Di dalam kamus fikihnya, Syaikh Sa’di Abu Habib menjelaskan tentang Darul Islam dan dâr al-harb sebagai berikut:

Menurut pengikut mazhab Syafii, dâr al-harb adalah negeri-negeri kaum kafir (bilâd al-kuffâr) yang tidak memiliki perjanjian damai dengan kaum Muslim. Adapun Darul Islam menurut pengikut mazhab Syafii adalah setiap negeri yang dibangun oleh kaum Muslim, seperti Baghdad dan Bashrah; atau penduduknya masuk Islam, seperti Madinah atau Yaman; atau negeri yang ditaklukkan dengan perang, semacam Khaibar, Mesir dan wilayah kota Irak; atau ditaklukkan secara damai; atau wilayah yang kita miliki dan orang kafir yang hidup di dalamnya membayar jizyah.

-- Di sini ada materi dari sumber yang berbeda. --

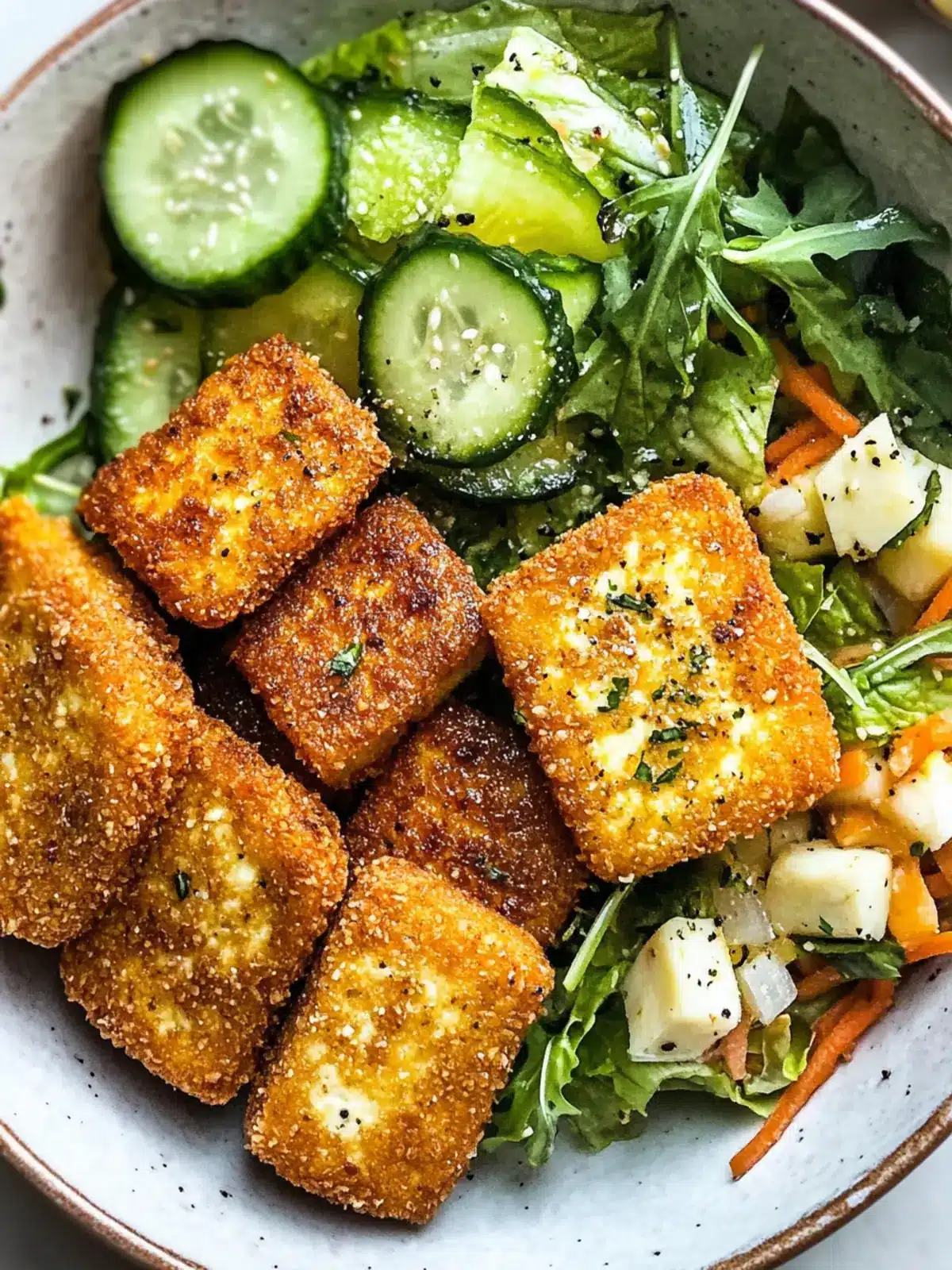 Crispy Breaded Tofu Dinner with Cucumber Salad Delight 3 Breaded tofu dinner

Adapun menurut pengikut Imam Ahmad bin Hanbal, “Darul Islam adalah setiap negeri yang dibangun oleh kaum Muslim, seperti Bashrah, atau negeri yang ditaklukkan oleh kaum Muslim, seperti kota Yaman.”9

Abdul-Qadir Audah menyatakan:

Darul Islam adalah negeri yang tampak jelas di dalamnya penerapan hukum-hukum Islam, atau penduduknya yang Muslim mampu menampakkan hukum-hukum Islam di negeri itu.  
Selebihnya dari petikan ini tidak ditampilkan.